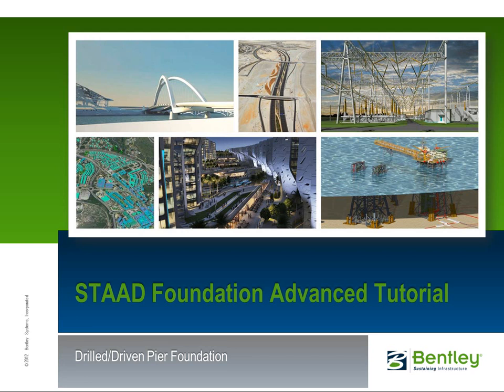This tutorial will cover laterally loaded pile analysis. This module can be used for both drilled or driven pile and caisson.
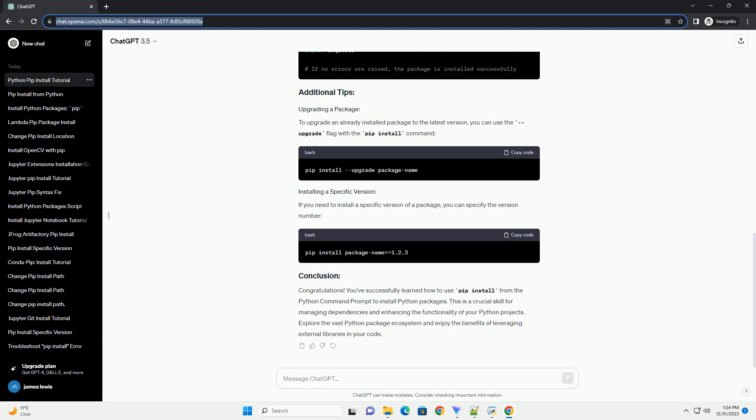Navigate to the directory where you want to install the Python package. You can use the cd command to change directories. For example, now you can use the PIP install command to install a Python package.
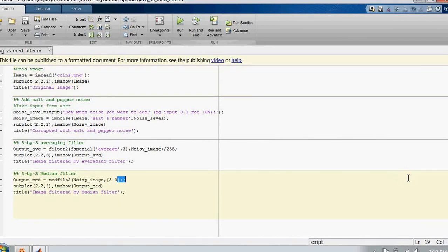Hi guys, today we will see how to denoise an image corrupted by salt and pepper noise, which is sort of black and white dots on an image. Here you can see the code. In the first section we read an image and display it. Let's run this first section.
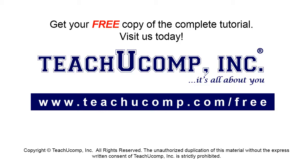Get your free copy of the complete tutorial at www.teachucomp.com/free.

○ ○ ○ ○ ○ ○ ○

In your copy, omit the pictures and restate every line of the data word for word.

This tutorial will cover laterally loaded pile analysis. This module can be used for both drilled or driven pile and caisson.
Navigate to the directory where you want to install the Python package. You can use the cd command to change directories. For example, now you can use the PIP install command to install a Python package.
Hi guys, today we will see how to denoise an image corrupted by salt and pepper noise, which is sort of black and white dots on an image. Here you can see the code. In the first section we read an image and display it. Let's run this first section.
Get your free copy of the complete tutorial at www.teachucomp.com/free.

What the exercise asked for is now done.